The virtual machine provisioned by MediaWiki-Vagrant resembles Wikimedia's production environment in key respects, and it uses the same tool—Puppet—that Wikimedia's technical operations team uses to manage production servers and Wikimedia Labs instances. This can help you write software that will meet the technical requirements for deployment on Wikimedia's production cluster.

The easiest way to get started with custom roles is to look at how existing roles are implemented in puppet/modules/role/manifests/*.pp. These roles depend on Puppet modules in puppet/modules. The Puppet code is generally well-documented and contains examples that demonstrate its proper usage.

Setting up labs instances[edit | edit source]

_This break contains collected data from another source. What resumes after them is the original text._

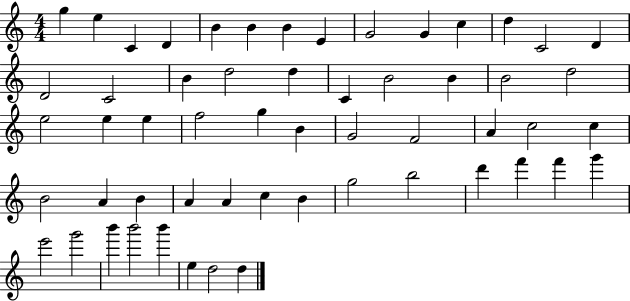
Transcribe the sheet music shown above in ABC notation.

X:1
T:Untitled
M:4/4
L:1/4
K:C
g e C D B B B E G2 G c d C2 D D2 C2 B d2 d C B2 B B2 d2 e2 e e f2 g B G2 F2 A c2 c B2 A B A A c B g2 b2 d' f' f' g' e'2 g'2 b' b'2 b' e d2 d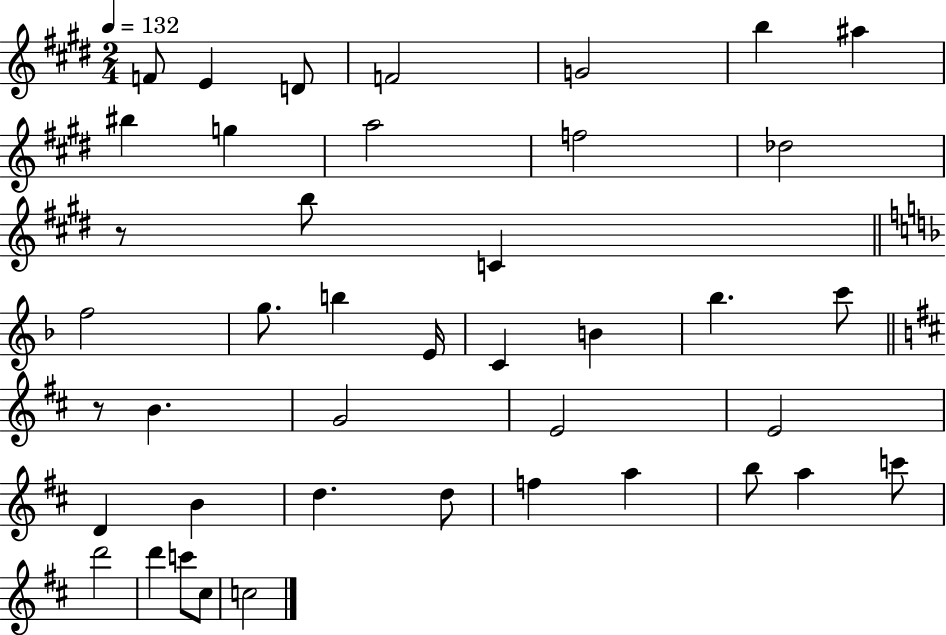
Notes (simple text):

F4/e E4/q D4/e F4/h G4/h B5/q A#5/q BIS5/q G5/q A5/h F5/h Db5/h R/e B5/e C4/q F5/h G5/e. B5/q E4/s C4/q B4/q Bb5/q. C6/e R/e B4/q. G4/h E4/h E4/h D4/q B4/q D5/q. D5/e F5/q A5/q B5/e A5/q C6/e D6/h D6/q C6/e C#5/e C5/h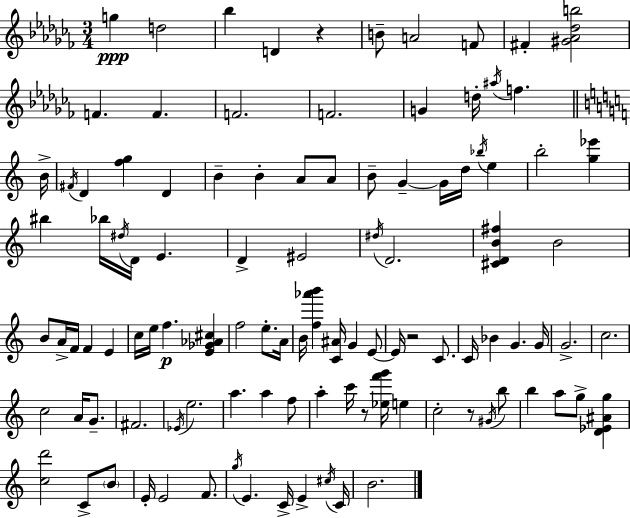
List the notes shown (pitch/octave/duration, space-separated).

G5/q D5/h Bb5/q D4/q R/q B4/e A4/h F4/e F#4/q [G#4,Ab4,Db5,B5]/h F4/q. F4/q. F4/h. F4/h. G4/q D5/s A#5/s F5/q. B4/s F#4/s D4/q [F5,G5]/q D4/q B4/q B4/q A4/e A4/e B4/e G4/q G4/s D5/s Bb5/s E5/q B5/h [G5,Eb6]/q BIS5/q Bb5/s D#5/s D4/s E4/q. D4/q EIS4/h D#5/s D4/h. [C#4,D4,B4,F#5]/q B4/h B4/e A4/s F4/s F4/q E4/q C5/s E5/s F5/q. [E4,Gb4,Ab4,C#5]/q F5/h E5/e. A4/s B4/s [F5,Ab6,B6]/q [C4,A#4]/s G4/q E4/e E4/s R/h C4/e. C4/s Bb4/q G4/q. G4/s G4/h. C5/h. C5/h A4/s G4/e. F#4/h. Eb4/s E5/h. A5/q. A5/q F5/e A5/q C6/s R/e [Eb5,F6,G6]/s E5/q C5/h R/e G#4/s B5/e B5/q A5/e G5/e [D4,Eb4,A#4,G5]/q [C5,D6]/h C4/e B4/e E4/s E4/h F4/e. G5/s E4/q. C4/s E4/q C#5/s C4/s B4/h.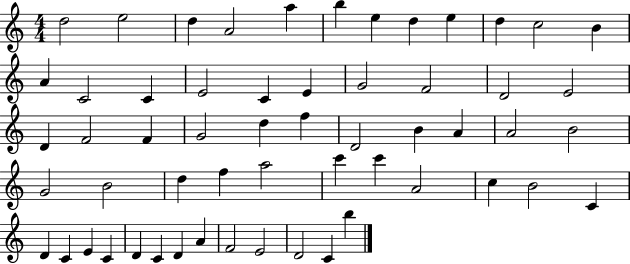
{
  \clef treble
  \numericTimeSignature
  \time 4/4
  \key c \major
  d''2 e''2 | d''4 a'2 a''4 | b''4 e''4 d''4 e''4 | d''4 c''2 b'4 | \break a'4 c'2 c'4 | e'2 c'4 e'4 | g'2 f'2 | d'2 e'2 | \break d'4 f'2 f'4 | g'2 d''4 f''4 | d'2 b'4 a'4 | a'2 b'2 | \break g'2 b'2 | d''4 f''4 a''2 | c'''4 c'''4 a'2 | c''4 b'2 c'4 | \break d'4 c'4 e'4 c'4 | d'4 c'4 d'4 a'4 | f'2 e'2 | d'2 c'4 b''4 | \break \bar "|."
}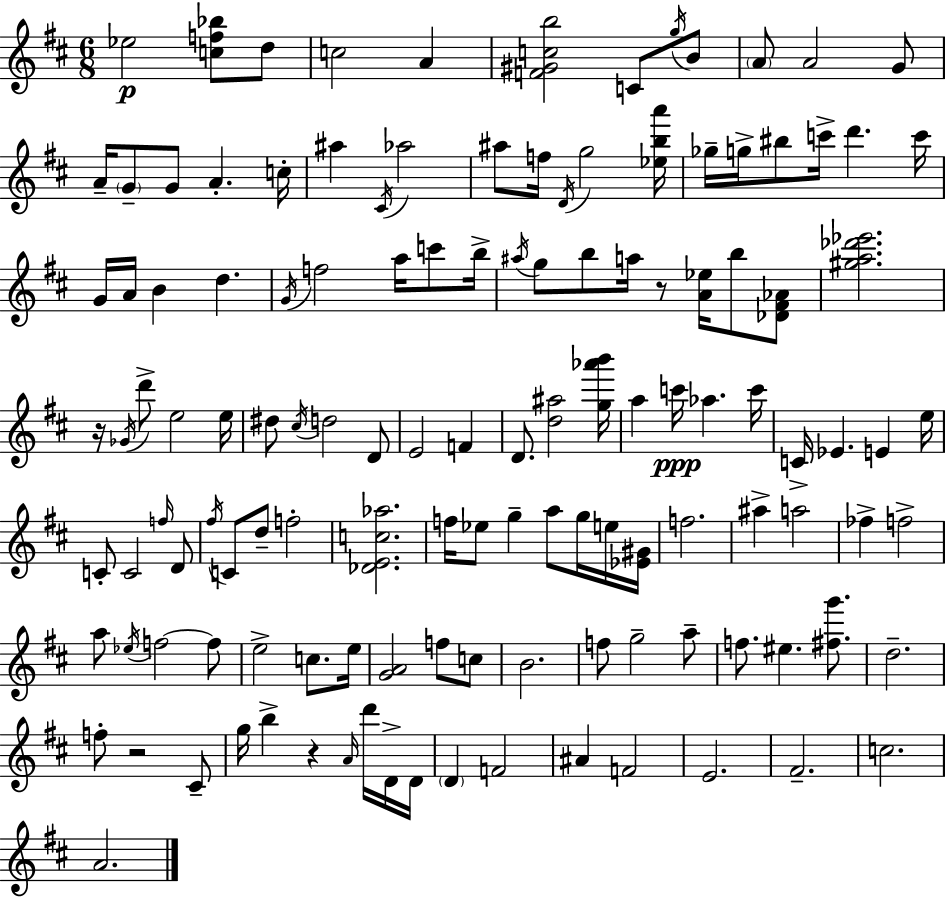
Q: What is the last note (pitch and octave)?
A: A4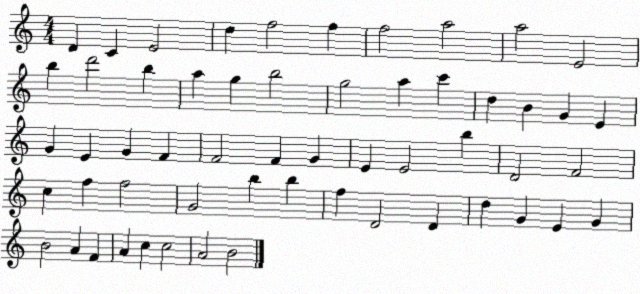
X:1
T:Untitled
M:4/4
L:1/4
K:C
D C E2 d f2 f f2 a2 a2 E2 b d'2 b a g b2 g2 a c' d B G E G E G F F2 F G E E2 b D2 F2 c f f2 G2 b b f D2 D d G E G B2 A F A c c2 A2 B2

You can use Labsvagrant to configure Wikimedia Labs machines with a given MediaWiki-Vagrant role.

Bugs[edit | edit source]

If you spot a bug in MediaWiki-Vagrant, please report it. First, make sure the bug is not a known Vagrant or VirtualBox bug by searching the Vagrant issue tracker on GitHub and the VirtualBox bugtracker. If it is not, go ahead and submit the bug to Wikimedia Bugzilla. Clearly describe the issue and include steps to reproduce, whenever possible.

TLDR[edit | edit source]

Links[edit | edit source]

Notes[edit | edit source]

  1. If you are on Fedora, do not follow Oracle's instructions. Instead, enable the RPMfusion repositories (e.g. via Apper's configuration), then select VirtualBox and kmod-VirtualBox for installation (note: case-sensitive and sometimes version-sensitive! if you don't find the package, search in Apper instead). You will probably get an error about your kernel being too recent: copy the full kernel name with version and install it with sudo yum install (which removes your recent kernel), then repeat, then reboot. If your next kernel upgrade breaks VirtualBox, try and install dkms, then repeat what above.